Aborti e morti premature

Dopo numerosi studi, nessuno dei quali è arrivato a conclusioni certe, oggi finalmente è possibile conoscere quali sono stati i meccanismi alla base dell’azione del talidomide. Il team di scienziati coordinati dalla professoressa Guerrini è infatti riuscito a dimostrare che il farmaco agiva sulla degradazione della proteina p63 durante lo sviluppo embrionale. Quest’ultima è essenziale durante lo sviluppo dell’embrione soprattutto per quanto riguarda la formazione degli arti, del palato, della pelle e del cuore. Stando alle indicazioni degli specialisti sono addirittura cinque le sindromi umane dovute a mutazioni nel gene p63 e i pazienti affetti da queste sindromi, infatti, hanno manifestato malformazioni proprio agli arti, al palato, al cuore e alla pelle. 

Le fasi dello studio

L’idea iniziale da cui lo studio è partito è stata quindi l’osservazione delle similarità nelle malformazioni dei bambini definiti ‘talidomidici’ con quelle dei pazienti affetti da sindromi dovute a mutazioni in p63. La prima conclusione a cui sono giunti i ricercatori è stata che il talidomide potesse aver influito durante lo sviluppo embrionale sulla proteina p63. Per verificare le loro tesi, i ricercatori si sono serviti dello zebra fish come animale modello e alla fine è arrivata la conferma che cercavano: il talidomide provoca la degradazione della proteina p63 attraverso una molecola chiamata ‘cerebron’ (CRBN).
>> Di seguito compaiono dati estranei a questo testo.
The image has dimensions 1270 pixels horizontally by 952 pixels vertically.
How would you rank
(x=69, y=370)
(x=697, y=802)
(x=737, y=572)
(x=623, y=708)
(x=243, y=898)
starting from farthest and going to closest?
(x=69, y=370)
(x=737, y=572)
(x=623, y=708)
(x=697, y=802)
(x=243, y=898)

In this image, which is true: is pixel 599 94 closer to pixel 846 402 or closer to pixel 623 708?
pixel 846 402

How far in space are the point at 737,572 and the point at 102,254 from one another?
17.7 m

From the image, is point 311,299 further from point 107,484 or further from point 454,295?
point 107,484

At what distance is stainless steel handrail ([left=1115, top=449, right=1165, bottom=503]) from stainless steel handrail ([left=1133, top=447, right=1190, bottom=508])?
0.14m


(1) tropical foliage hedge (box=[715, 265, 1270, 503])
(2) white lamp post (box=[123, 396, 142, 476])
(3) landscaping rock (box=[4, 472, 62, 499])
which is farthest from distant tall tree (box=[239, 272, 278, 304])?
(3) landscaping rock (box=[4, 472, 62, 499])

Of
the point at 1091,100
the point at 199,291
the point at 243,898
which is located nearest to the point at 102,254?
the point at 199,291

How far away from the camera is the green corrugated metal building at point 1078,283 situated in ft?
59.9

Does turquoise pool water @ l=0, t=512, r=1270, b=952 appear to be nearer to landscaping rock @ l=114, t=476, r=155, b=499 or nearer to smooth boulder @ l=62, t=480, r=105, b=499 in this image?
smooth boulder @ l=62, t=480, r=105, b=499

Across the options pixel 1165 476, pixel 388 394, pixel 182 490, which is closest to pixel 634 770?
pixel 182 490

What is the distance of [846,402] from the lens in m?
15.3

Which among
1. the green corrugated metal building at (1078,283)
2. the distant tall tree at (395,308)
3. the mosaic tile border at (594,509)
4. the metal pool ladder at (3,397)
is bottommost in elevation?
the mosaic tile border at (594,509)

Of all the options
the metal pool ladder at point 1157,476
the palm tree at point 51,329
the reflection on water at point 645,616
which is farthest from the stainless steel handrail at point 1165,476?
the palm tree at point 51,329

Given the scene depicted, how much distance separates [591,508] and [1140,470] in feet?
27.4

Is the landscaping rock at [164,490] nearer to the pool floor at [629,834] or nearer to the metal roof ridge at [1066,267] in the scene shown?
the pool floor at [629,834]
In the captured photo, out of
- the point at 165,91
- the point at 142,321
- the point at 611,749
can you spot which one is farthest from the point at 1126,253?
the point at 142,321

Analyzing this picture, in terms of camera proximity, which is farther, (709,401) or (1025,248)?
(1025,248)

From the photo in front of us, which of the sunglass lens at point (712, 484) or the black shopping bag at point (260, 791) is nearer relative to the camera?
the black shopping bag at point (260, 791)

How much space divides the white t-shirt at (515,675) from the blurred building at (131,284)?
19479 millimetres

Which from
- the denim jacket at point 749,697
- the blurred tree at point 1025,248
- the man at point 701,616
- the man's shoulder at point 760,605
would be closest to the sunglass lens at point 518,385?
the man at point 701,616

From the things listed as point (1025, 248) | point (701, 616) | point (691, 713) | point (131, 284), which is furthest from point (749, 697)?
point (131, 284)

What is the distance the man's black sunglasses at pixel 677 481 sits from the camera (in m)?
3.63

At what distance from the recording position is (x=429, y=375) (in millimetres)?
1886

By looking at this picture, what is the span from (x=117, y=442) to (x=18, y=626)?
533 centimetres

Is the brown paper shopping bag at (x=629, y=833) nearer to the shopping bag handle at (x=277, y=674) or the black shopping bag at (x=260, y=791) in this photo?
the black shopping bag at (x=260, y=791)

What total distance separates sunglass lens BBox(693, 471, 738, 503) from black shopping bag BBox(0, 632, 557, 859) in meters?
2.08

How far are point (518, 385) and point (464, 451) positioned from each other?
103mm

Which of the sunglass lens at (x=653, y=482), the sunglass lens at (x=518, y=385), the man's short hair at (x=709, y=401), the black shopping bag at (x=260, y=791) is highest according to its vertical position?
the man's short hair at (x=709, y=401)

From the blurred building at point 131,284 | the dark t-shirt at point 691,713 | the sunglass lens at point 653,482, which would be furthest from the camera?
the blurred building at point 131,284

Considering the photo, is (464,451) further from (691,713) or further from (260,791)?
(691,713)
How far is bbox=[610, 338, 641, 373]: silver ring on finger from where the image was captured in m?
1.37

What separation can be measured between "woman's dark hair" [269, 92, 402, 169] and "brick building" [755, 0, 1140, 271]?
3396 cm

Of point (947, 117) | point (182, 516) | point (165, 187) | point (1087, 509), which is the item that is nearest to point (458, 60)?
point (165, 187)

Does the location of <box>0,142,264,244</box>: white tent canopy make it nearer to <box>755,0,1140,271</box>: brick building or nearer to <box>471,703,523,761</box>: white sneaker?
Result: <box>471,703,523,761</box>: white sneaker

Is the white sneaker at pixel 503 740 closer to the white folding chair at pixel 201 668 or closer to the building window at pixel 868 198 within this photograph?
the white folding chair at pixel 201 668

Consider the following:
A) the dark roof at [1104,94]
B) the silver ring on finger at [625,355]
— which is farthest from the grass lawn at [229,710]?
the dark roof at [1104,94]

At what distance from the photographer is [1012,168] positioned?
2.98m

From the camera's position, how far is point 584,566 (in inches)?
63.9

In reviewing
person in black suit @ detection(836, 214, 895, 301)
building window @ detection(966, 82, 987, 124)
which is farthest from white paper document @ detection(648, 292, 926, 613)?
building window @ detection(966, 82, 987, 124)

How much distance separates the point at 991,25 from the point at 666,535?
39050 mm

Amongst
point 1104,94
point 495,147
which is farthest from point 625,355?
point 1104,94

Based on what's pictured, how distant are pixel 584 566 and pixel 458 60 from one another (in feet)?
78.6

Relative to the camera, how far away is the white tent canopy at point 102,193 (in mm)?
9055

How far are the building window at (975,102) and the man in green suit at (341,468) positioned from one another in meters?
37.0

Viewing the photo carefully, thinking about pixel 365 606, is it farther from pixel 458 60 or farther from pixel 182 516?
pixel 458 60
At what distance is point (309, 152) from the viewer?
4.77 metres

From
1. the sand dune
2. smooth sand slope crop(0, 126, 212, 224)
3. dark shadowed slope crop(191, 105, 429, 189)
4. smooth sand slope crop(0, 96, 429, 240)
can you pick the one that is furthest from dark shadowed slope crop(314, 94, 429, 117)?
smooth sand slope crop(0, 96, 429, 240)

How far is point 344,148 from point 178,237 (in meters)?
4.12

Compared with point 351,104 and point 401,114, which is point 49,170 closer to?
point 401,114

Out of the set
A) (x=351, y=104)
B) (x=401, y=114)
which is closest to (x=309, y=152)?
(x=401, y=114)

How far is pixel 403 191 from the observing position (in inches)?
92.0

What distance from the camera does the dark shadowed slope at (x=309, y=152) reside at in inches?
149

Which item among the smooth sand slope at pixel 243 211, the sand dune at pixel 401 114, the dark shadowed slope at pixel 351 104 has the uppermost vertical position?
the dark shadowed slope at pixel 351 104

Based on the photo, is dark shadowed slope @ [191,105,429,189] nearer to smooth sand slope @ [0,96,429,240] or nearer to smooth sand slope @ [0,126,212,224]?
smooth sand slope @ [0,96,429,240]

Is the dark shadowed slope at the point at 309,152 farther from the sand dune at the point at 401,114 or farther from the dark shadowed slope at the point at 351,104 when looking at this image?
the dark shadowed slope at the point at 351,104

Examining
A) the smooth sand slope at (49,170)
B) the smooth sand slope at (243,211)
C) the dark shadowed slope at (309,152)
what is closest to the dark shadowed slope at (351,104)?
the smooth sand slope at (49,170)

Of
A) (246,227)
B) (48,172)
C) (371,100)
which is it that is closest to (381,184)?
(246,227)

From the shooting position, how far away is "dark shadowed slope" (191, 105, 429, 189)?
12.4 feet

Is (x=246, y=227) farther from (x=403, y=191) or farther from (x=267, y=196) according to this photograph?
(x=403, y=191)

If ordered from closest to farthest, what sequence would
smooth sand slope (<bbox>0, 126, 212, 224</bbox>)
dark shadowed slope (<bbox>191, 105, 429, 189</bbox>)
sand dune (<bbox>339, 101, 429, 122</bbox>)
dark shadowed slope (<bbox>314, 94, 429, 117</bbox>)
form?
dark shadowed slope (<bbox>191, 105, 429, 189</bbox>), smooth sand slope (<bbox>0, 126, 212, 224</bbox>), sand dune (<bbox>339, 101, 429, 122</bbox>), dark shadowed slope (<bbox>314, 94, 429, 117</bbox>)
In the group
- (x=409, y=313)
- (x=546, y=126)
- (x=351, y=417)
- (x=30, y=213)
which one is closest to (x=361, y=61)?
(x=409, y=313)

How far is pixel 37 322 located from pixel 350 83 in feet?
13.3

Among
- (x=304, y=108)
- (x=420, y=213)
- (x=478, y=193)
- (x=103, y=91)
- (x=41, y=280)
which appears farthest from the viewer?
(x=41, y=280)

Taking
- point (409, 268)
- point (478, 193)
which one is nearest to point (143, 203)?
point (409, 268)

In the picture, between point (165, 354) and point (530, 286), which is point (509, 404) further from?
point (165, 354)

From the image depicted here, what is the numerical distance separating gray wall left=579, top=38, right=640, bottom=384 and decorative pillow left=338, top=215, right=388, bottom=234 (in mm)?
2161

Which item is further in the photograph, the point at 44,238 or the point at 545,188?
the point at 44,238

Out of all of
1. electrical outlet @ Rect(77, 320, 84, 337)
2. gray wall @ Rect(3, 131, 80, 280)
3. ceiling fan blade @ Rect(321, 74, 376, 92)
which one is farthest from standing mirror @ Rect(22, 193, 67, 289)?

Negli animali il farmaco aumentando l’interazione di p63 con CRBN ha provocato danni alle pinne (corrispondenti agli arti) e alle vescicole otiche (corrispondenti alle orecchie) inducendo la degradazione della proteina p63.

Un caso non ancora chiuso

Purtroppo però, come sottolinea il comunicato stampa dell’ateneo milanese pubblicato a corredo della scoperta scientifica, la vendita di talidomide è stata nuovamente approvata alla fine degli anni `90 nella maggior parte dei Paesi occidentali, anche in virtù di un potere anti-tumorale, sebbene siano stati adottati stretti sistemi di controllo circa il suo impiego. “Il disastro del talidomide non è un caso chiuso, in quanto una seconda ondata di ‘bambini talidomidici’ sono nati a partire dall’anno 2000, specialmente in Brasile, dove il farmaco è largamente utilizzato per la lebbra. Questo studio, tuttavia, sarà sicuramente utile nel dirimere le richieste di indennizzo delle vittime del talidomide, in quanto dimostra che il farmaco non ha nessun effetto a livello del Dna ma solo un effetto transitorio a livello della proteina p63”, ha detto la professoressa Guerrini, che è anche membro del comitato scientifico dell’associazione Vita (Vittime Italiane Talidomide) che è impegnata da tempo perché venga riconosciuto ai pazienti coinvolti un giusto risarcimento.